* [What is expected]: Would you please restate all of the entries exactly, apart from the pictures?

* [Source material]:
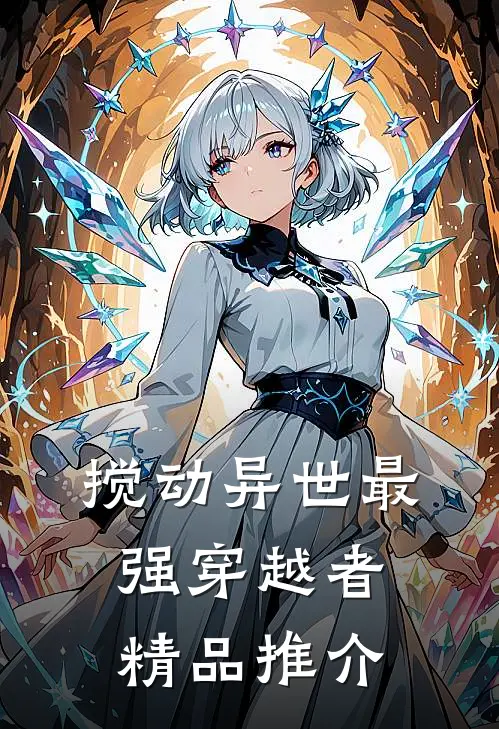 搅动异世最强穿越者精品推介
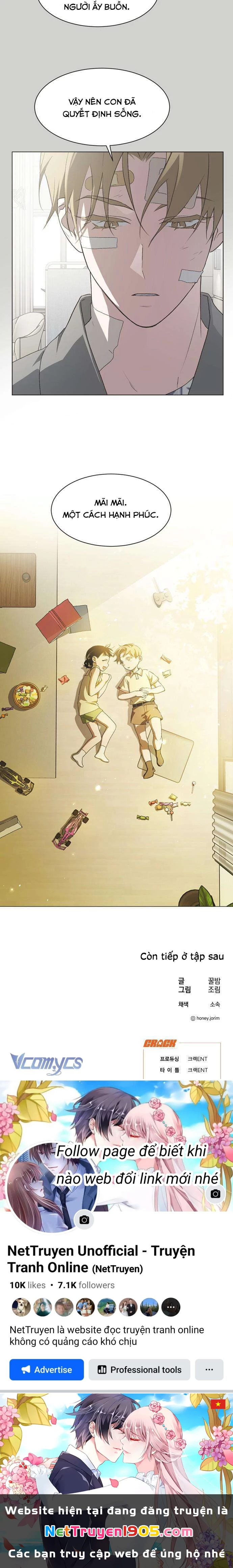 Lọ Lem Không Hoàn Hảo Chapter  97 - 8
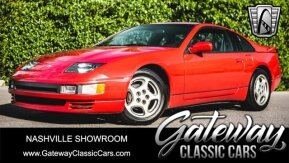 1991 Nissan 300ZX Twin Turbo for sale 101763584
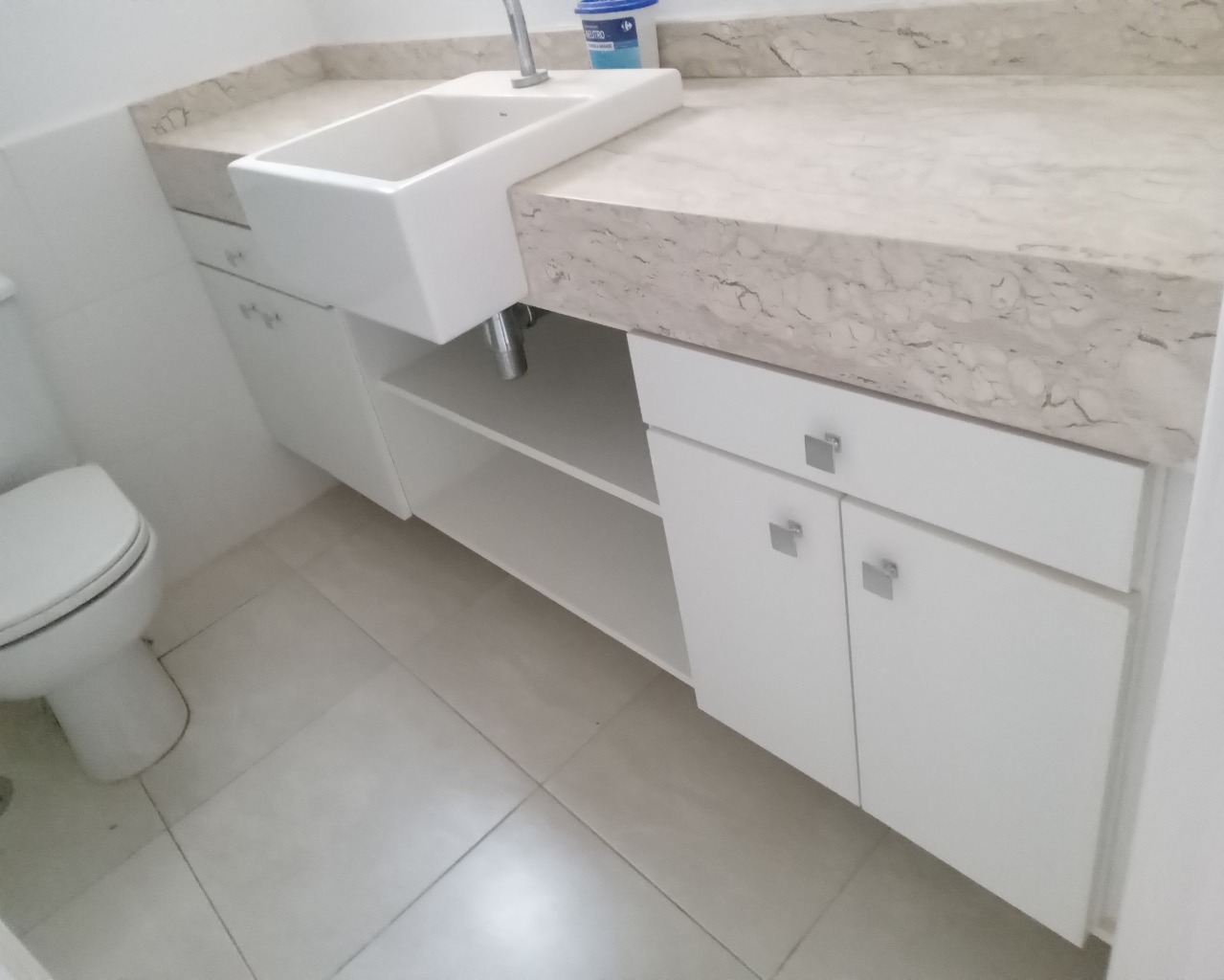 Apartamento para alugar com 3 quartos, 130m² - Foto 38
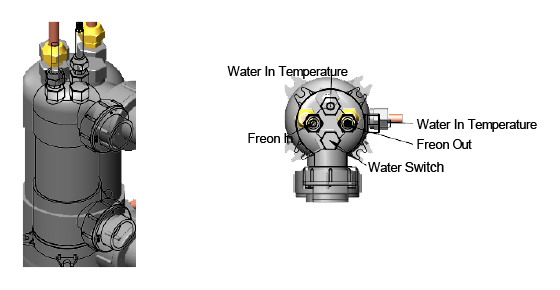 BAODE heat exchanger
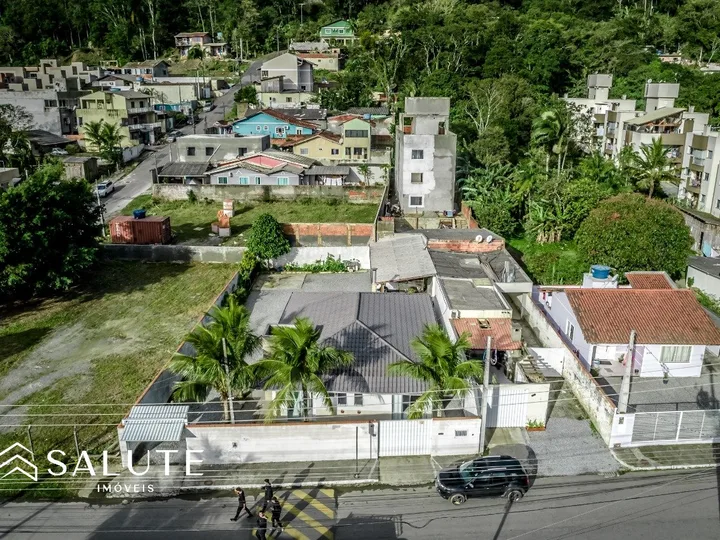 Casa à venda 3 suítes bairro Nova Esperança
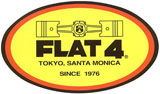 adesivo FLAT 4 (140 x 82 mm)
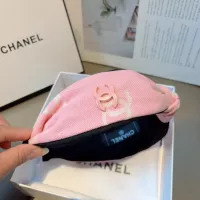 Cheap Chanel Headband For Women #1349429 Replica Wholesale [$27.00 USD] [ITEM#1349429] on Replica Chanel Headband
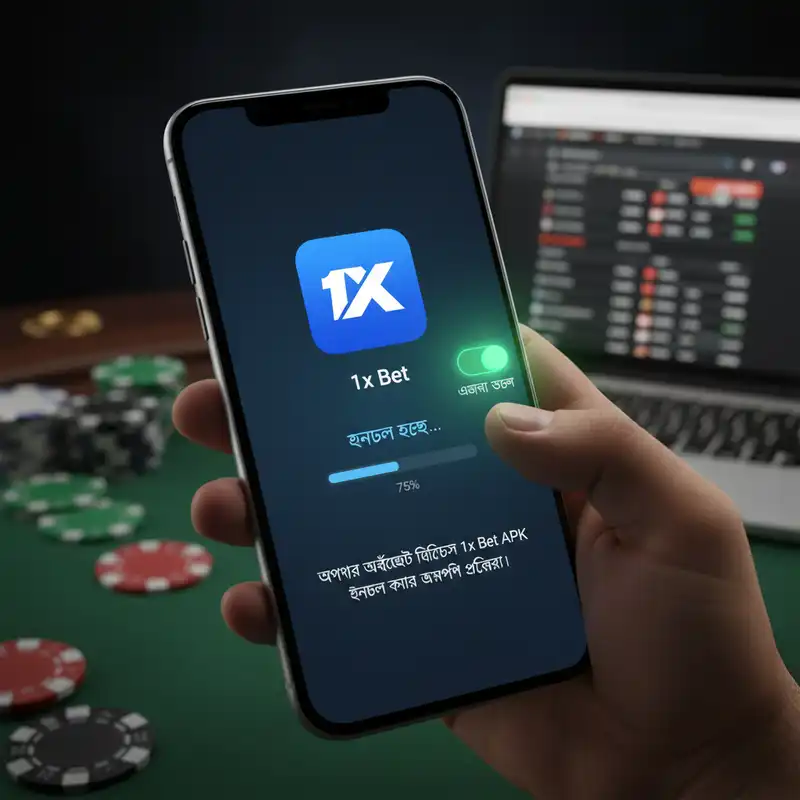 কিভাবে ইনস্টল করবেন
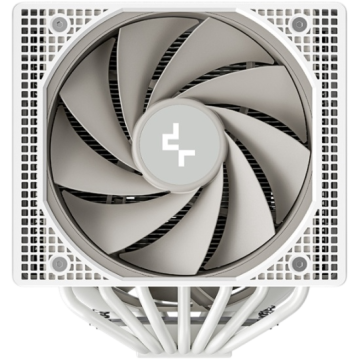 Кулер для процессора Deepcool ASSASSIN IV White (R-ASN4-WHNNMT-G)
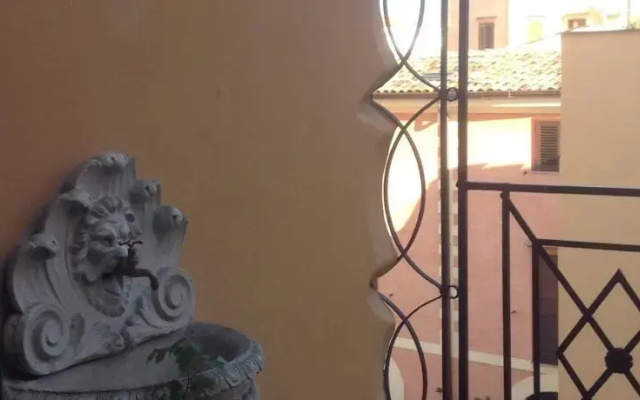 Terrazze MonteverginI nel cuore di Palermo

* [Answer box]:
 搅动异世最强穿越者精品推介
 Lọ Lem Không Hoàn Hảo Chapter  97 - 8
 1991 Nissan 300ZX Twin Turbo for sale 101763584
 Apartamento para alugar com 3 quartos, 130m² - Foto 38
 BAODE heat exchanger
 Casa à venda 3 suítes bairro Nova Esperança
 adesivo FLAT 4 (140 x 82 mm)
 Cheap Chanel Headband For Women #1349429 Replica Wholesale [$27.00 USD] [ITEM#1349429] on Replica Chanel Headband
 কিভাবে ইনস্টল করবেন
 Кулер для процессора Deepcool ASSASSIN IV White (R-ASN4-WHNNMT-G)
 Terrazze MonteverginI nel cuore di Palermo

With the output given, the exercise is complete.